- **INPUT FOR THIS TASK**
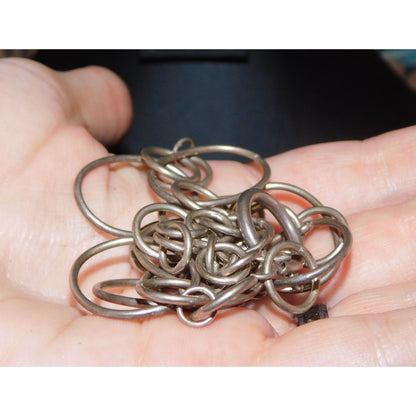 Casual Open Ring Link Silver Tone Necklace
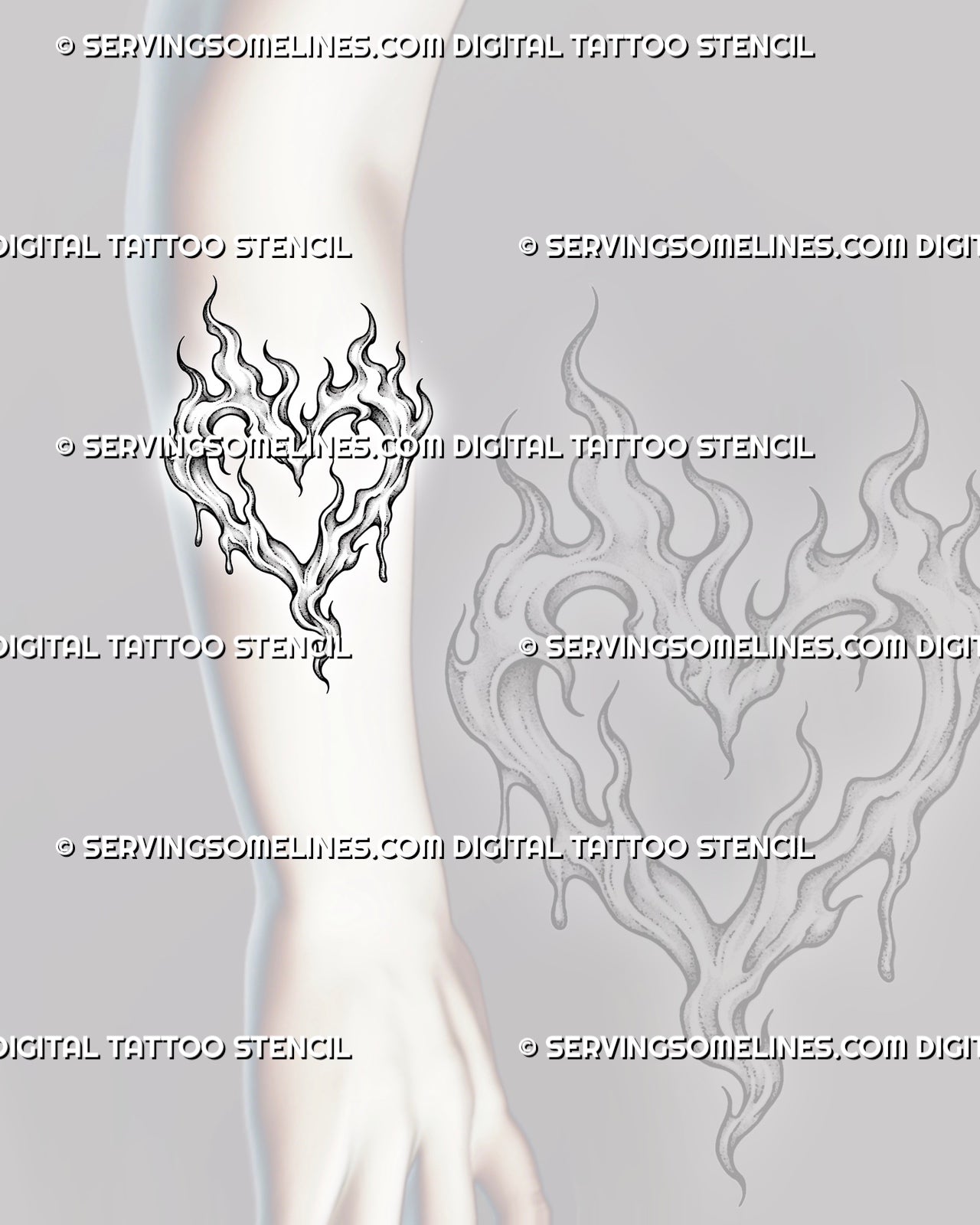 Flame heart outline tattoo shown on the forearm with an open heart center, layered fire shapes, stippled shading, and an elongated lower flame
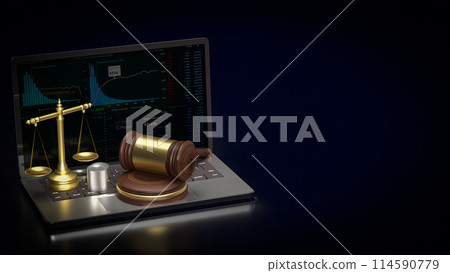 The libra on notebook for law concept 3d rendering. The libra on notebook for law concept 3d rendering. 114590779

...

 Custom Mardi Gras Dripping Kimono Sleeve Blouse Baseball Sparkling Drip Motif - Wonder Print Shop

- **AIM OF THE TASK**
Only one stretch of the data is wanted: write out exactly the lines from the one holding "Casual Open Ring Link Silver Tone Necklace" through the one holding "The libra on notebook for law concept 3d rendering. The", both included, without the pictures.

- **SOLUTION FOR THIS TASK**
 Casual Open Ring Link Silver Tone Necklace
 Flame heart outline tattoo shown on the forearm with an open heart center, layered fire shapes, stippled shading, and an elongated lower flame
 The libra on notebook for law concept 3d rendering. The libra on notebook for law concept 3d rendering. 114590779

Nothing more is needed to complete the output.